The recipe for the tofu can be found here, but in case you don't feel like clicking on the link:
1 tsp. salt
1/2 tsp. onion powder
1 tsp. pepper
1 tsp. garlic powder
2 cups unbleached white flour or whole wheat pastry
4 Tbsp. nutritional yeast (optional)
3 Tbsp. yellow mustard
1/2 cup water
2 Tbsp. baking powder
2 to 3 lb. tofu
3 1/2 cups vegetable oil
• Mix together the salt, onion powder, pepper, garlic powder, flour, and nutritional yeast in a deep bowl.
• In a separate bowl, dilute the mustard with 1/2 cup water.
• Add 1/3 cup of the flour mixture to the mustard mixture and stir. Add the baking powder to the dry flour mixture and mix.
• Dip chunks of the mock chicken into the mustard batter, then drop each chunk into the flour mixture and coat with the desired amount of “crust.”
• Fry the chunks in hot oil on medium-high heat in a large skillet or deep fryer until crispy and golden brown, turning as needed.
I didn't use any nutritional yeast in mine, simply because I was all out of it. I only used one package of tofu (which I'd frozen and then defrosted), and I definitely should have halved the rest of the ingredients. This was really tasty, though, and it doesn't have a really strong mustard-y flavor. Shortly after this picture was taken, I dipped my tofu in ketchup. Mmmmm mustard and ketchup. My boyfriend willingly took all of the leftovers for lunch today, so I give this two thumbs up.
The baked risotto is from Nava Atlas's The Vegetarian Family Cookbook (you can see a little bit of the cookbook peaking out of the top of the picture--woopsie). This recipe was so much easier than making risotto the traditional way.
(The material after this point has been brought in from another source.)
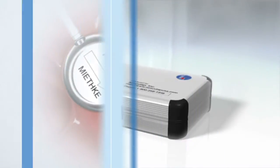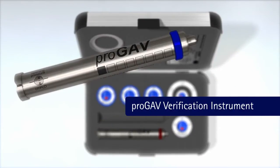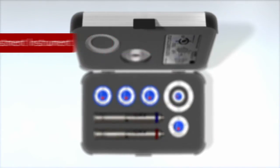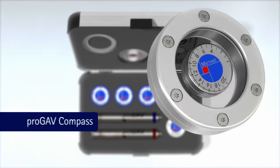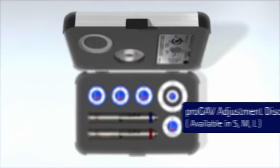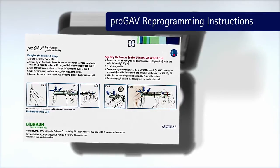The ProGav system comes with the following tools for adjustment and verification: the ProGav Verification Instrument, the ProGav Adjustment Instrument, the ProGav Master Disc, the ProGav Compass, the ProGav Adjustment Discs, the ProGav X-Ray Template, and the ProGav Reprogramming Instructions.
Honestly, the one time I made it "traditionally" before, I didn't really like it. That was just me being picky, though, as I don't really like creamy non-dessert stuff all that much. I still had arborio rice to use up, though, and noticed this recipe and thought I'd give it a try. It bakes for an hour, stirring every 15 minutes. At first I thought it wasn't going to work at all, as the first couple of times I stirred it looked remarkably like it had when I first put it in the oven. The last time I stirred, though, it had magically turned into something resembling risotto. I thought it was going to be a little too liquidy, so when I was supposed to add a cup of water at the last stirring, I only added half a cup. It's really thick now, so I probably should have followed the directions, but honestly I kind of liked the texture better than the previous time I'd made risotto.
The green beans are nothing special. They are organic ones from a can. I added black pepper and a bit of liquid smoke. They're actually pretty good for beans from a can.